Action item:
Each record should reappear exactly in your answer, minus any picture.

Records for this exercise:
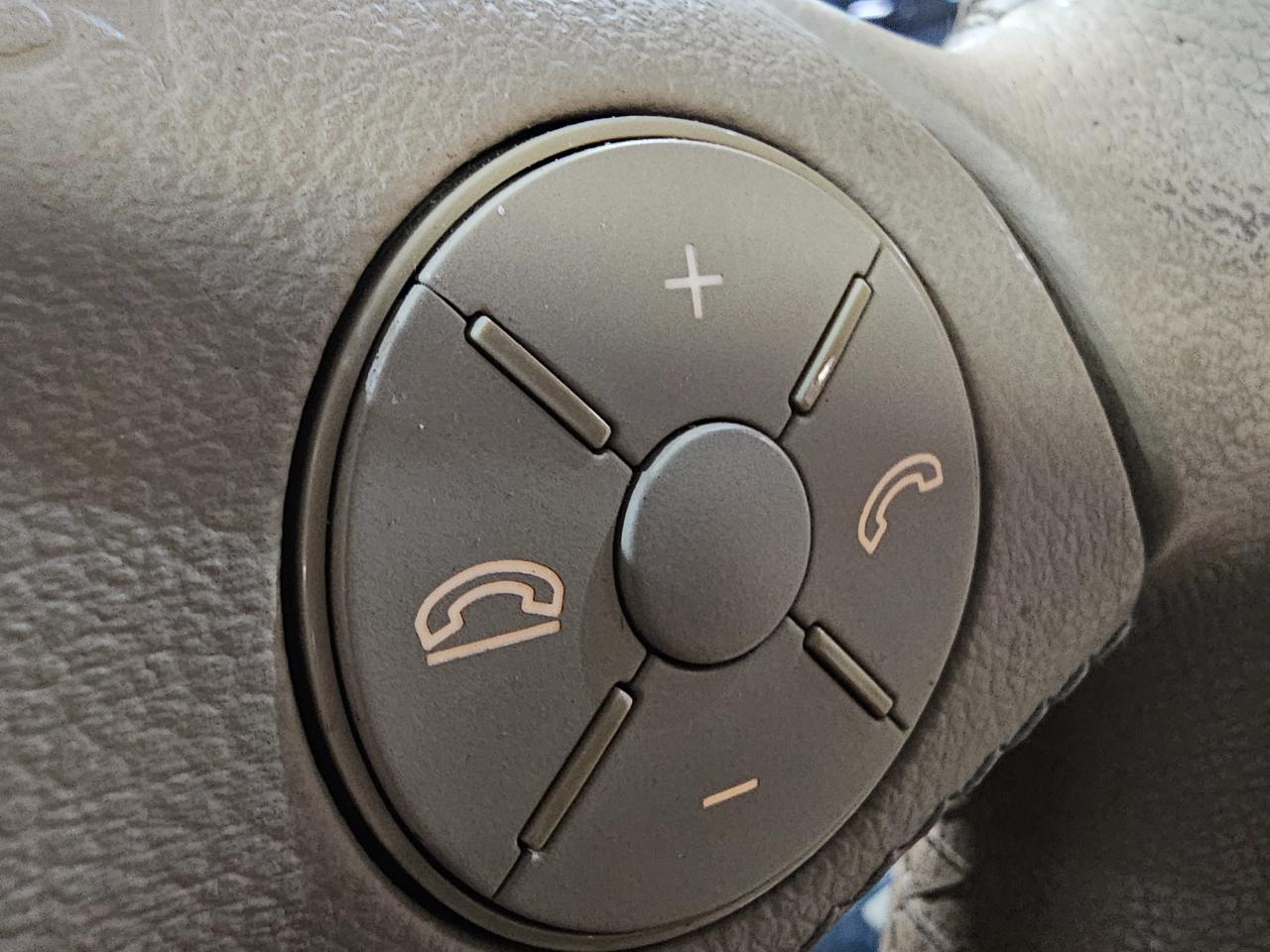 Mercedes-Benz CLS-Class 4dr Sdn 5.5L 2009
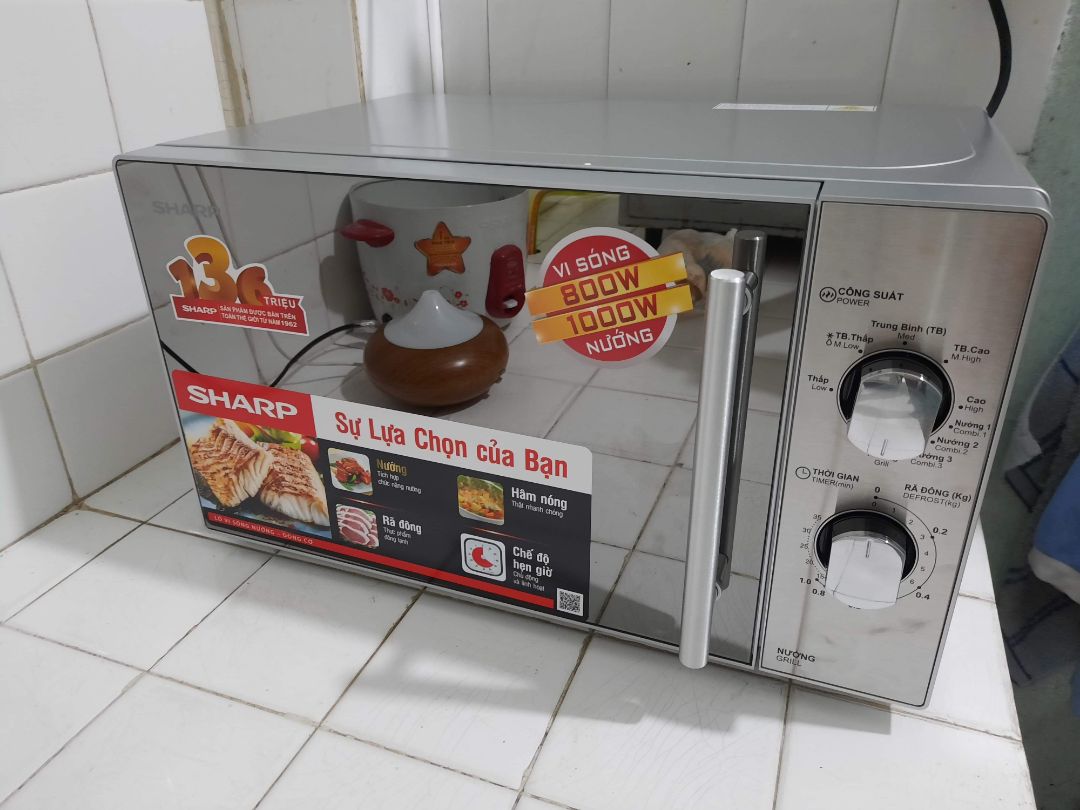 Mình chọn giao nhanh, tối đa 17g nhận nhưng chưa tới thời hạn đã được giao hàng. Đã sử dụng được một ngày, tới hiện tại thấy ổn. Thiết kế sang trọng, nút điều chỉnh có tiếng Việt dễ sử dụng. Đã hâm thử thấy hài lòng. Đang thử chế độ nướng - tuy mình không mong đợi chế độ nướng như lò nướng chuyên dụng nhưng hy vọng nướng các loại như bánh mì sandwich, các loại thức ăn sắt lát mỏng.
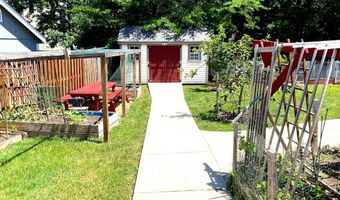 601 ACCOTON Dr, Accokeek, MD 20607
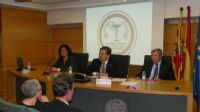 Presidi el acto el presidente y vicepresidente de la Academia, Manuel Lpez y Santiago  Andrs, acompaados de la secretaria de la Junta de Gobierno del Colegio de Farmacuticos, Raquel Garca.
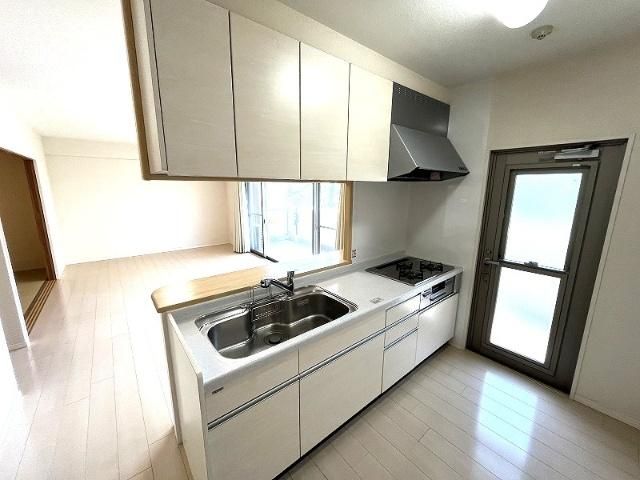 3LDK Apartment for Sale in Miyazaki City, Miyazaki Prefecture - Thumbnail 4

Exercise output:
 Mercedes-Benz CLS-Class 4dr Sdn 5.5L 2009
 Mình chọn giao nhanh, tối đa 17g nhận nhưng chưa tới thời hạn đã được giao hàng. Đã sử dụng được một ngày, tới hiện tại thấy ổn. Thiết kế sang trọng, nút điều chỉnh có tiếng Việt dễ sử dụng. Đã hâm thử thấy hài lòng. Đang thử chế độ nướng - tuy mình không mong đợi chế độ nướng như lò nướng chuyên dụng nhưng hy vọng nướng các loại như bánh mì sandwich, các loại thức ăn sắt lát mỏng.
 601 ACCOTON Dr, Accokeek, MD 20607
 Presidi el acto el presidente y vicepresidente de la Academia, Manuel Lpez y Santiago  Andrs, acompaados de la secretaria de la Junta de Gobierno del Colegio de Farmacuticos, Raquel Garca.
 3LDK Apartment for Sale in Miyazaki City, Miyazaki Prefecture - Thumbnail 4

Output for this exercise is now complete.